On January 18, 2001, Pacific Gas and Electric Company (PG&E) filed an
emergency application with the CPUC requesting that SoCalGas be
ordered to purchase natural gas or supply available natural gas to
meet PG&E's core procurement needs. Some of PG&E's suppliers are
declining to sell natural gas to PG&E due to its poor credit rating.
Although SoCalGas has agreed to supply a limited amount of natural gas
to PG&E through March 31, 2001 (secured by PG&E customer receivables),
it is still urging rejection of the request which, if approved, could
severely jeopardize SoCalGas' ability to serve its own customers
because of cash flow considerations.

Restructuring Of Electric Distribution

Thus far, the CPUC's electric industry restructuring has been confined
to generation. Transmission and distribution have remained subject to
traditional cost-of-service regulation. However, the CPUC is exploring
the possibility of opening up electric distribution to competition. A
CPUC staff report on this issue was submitted to the CPUC in July
2000, with dissenting opinions recommending against changing electric
distribution regulation at this time due to the current state of
electric industry restructuring. A proposed decision is expected in
mid-2001.

Gas Industry Restructuring

The natural gas industry experienced an initial phase of restructuring
during the 1980s by deregulating natural gas sales to noncore
customers. In January 1998, the CPUC released a staff report
initiating a project to assess the current market and regulatory
framework for California's natural gas industry. The general goals of
the plan are to consider reforms to the current regulatory framework
emphasizing market-oriented policies benefiting California's natural
gas consumers.

In July 1999, after hearings, the CPUC issued a decision stating which
natural gas regulatory changes it found most promising, encouraging
parties to submit settlements addressing those changes, and providing
for further hearings if necessary.

In October 1999, the state of California enacted a law (AB 1421) which
requires that natural gas utilities provide "bundled basic gas
service" (including transmission, storage, distribution, purchasing,
revenue-cycle services and after-meter services) to all core
customers, unless the customer chooses to purchase natural gas from a
nonutility provider. The law prohibits the CPUC from unbundling most
distribution-related natural gas services (including meter reading)
and after-meter services (including leak investigation, inspecting
customer piping and appliances, pilot relighting and carbon monoxide
investigation) for core customers. The objective is to preserve both
customer safety and customer choice.

Between late 1999 and April 2000, several conflicting settlement
proposals were filed by various groups of parties that addressed the
changes the CPUC found promising in July 1999. The principal issues in
dispute included: whether firm, tradable rights to capacity on
SoCalGas' major gas transmission lines should be created, with
SoCalGas at risk for market demand for the recovery of the cost of
these facilities; the extent to which SoCalGas' storage services
should be further unbundled and SoCalGas be put at greater risk for
recovery of storage costs; the manner in which interstate pipeline
capacity held by SoCalGas to serve core markets should be allocated to
core customers who purchase gas from energy service providers other
than SoCalGas; and the recovery of the utilities' costs to implement
whatever regulatory changes are adopted. Additional proposals included
improving the access of energy service providers to sell natural gas
supply to core customers of SoCalGas and SDG&E.

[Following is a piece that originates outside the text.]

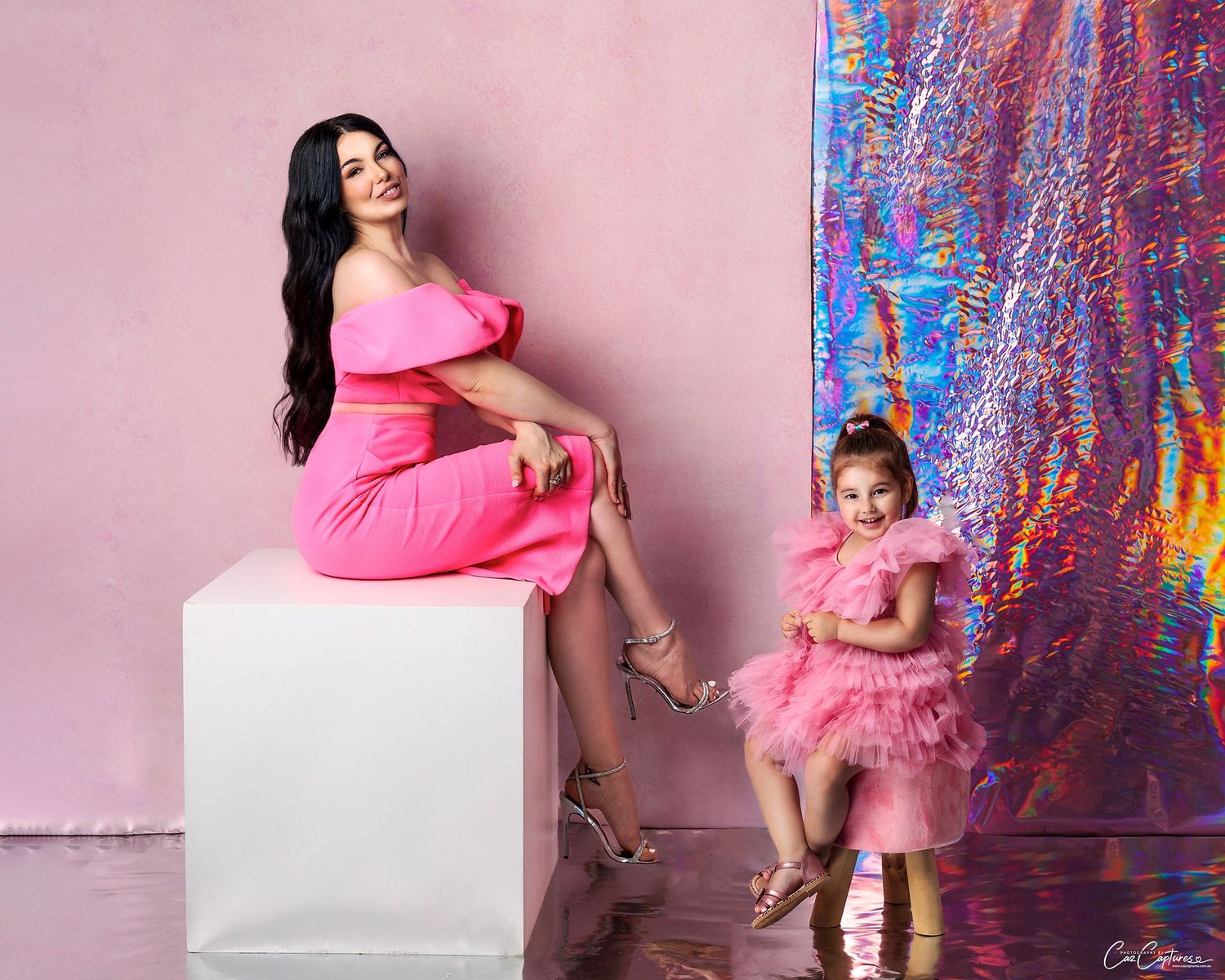 Matching mother and daughter in pink dresses, against pink hand painted canvas smiling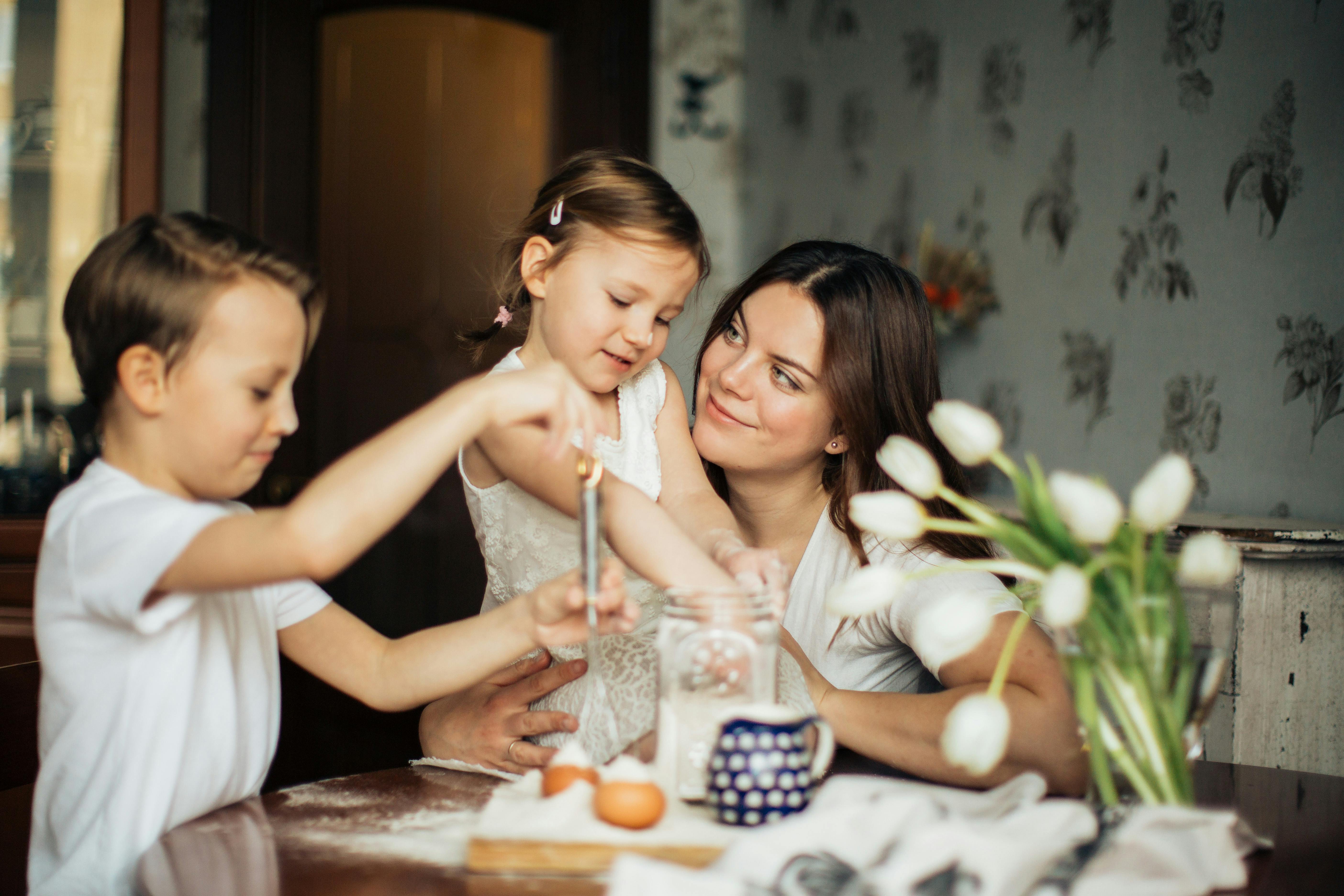Mother and children bake together, flour and eggs on table. Dinner Table Family.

Certain parties contend that the restructuring process is an
appropriate venue for addressing whether SoCalGas should refund
retroactively to September 1999 the cost in rates of ownership and
operation of one of SoCalGas' storage fields. SoCalGas actively
opposes this proposal and the propriety of this venue for its
resolution. In November 2000, these parties entered into a settlement
with SoCalGas in a related CPUC proceeding that provides for no
retroactive refund of the cost in rates of this field. This settlement
is pending CPUC approval.

Hearings in the restructuring case were held in mid-2000 and a
Proposed Decision (PD) was released in November 2000. A CPUC decision
is expected in 2001. The PD does not recommend adoption of shareholder
absorption of stranded interstate pipeline costs or retroactive refund
of any amount related to the storage field. The PD recommends some,
but not all, of the changes proposed by the California utilities. If
adopted, the PD is not expected to have a negative earnings impact on
the California utilities.

Performance-Based Regulation (PBR)

In recent years, the CPUC has directed utilities to use PBR. To
promote efficient operations and improved productivity and to move
away from reasonableness reviews and disallowances, PBR has replaced
the general rate case and certain other regulatory proceedings for
both SoCalGas and SDG&E. Under PBR, regulators generally require
future income potential to be tied to achieving or exceeding specific
performance and productivity measures, as well as cost reductions,
rather than relying solely on expanding utility plant in a market
where a utility already has a highly developed infrastructure.

The utilities' PBR mechanisms are in effect through December 31, 2002,
at which time the mechanisms will be updated. That update will
include, among other things, a reexamination of the companies'
reasonable costs of operation in 2003 to be allowed in rates. Key
elements of the current mechanisms include an annual indexing
mechanism that adjusts rates by the inflation rate less a productivity
factor and other adjustments to accommodate major unanticipated
events, a sharing mechanism with customers that applies to earnings
that exceed the authorized rate of return on rate base, rate refunds
to customers if service quality deteriorates or awards if service
quality exceeds set standards, and a change in authorized rate of
return and customer rates if interest rates change by more than a
specified amount. The SoCalGas rate change is triggered if the 12-
month trailing average of actual market interest rates increases or
decreases by more than 150 basis points and is forecasted to continue
to vary by at least 150 basis points for the next year. The SDG&E rate
change is triggered by a six-month trailing average and a 100-basis-
point change in interest rates. If this occurs, there would be an
automatic adjustment of rates for the change in the cost of capital
according to a formula which applies a percentage of the change to
various capital components.

Comprehensive Settlement Of Natural Gas Regulatory Issues

In July 1994, the CPUC approved a comprehensive settlement for
SoCalGas (Comprehensive Settlement) of a number of regulatory issues,
including rate recovery of a significant portion of the restructuring
costs associated with certain long-term gas-supply contracts. In
addition to the supply issues, the Comprehensive Settlement addressed
the following other regulatory issues:

**Noncore revenues were governed by the Comprehensive Settlement
through July 31, 1999. This treatment was replaced by the 1999
Biennial Cost Allocation Proceeding (BCAP), which went into effect on
June 1, 2000. The CPUC's decision on the 1999 BCAP allows balancing
account treatment for 75 percent of noncore revenues.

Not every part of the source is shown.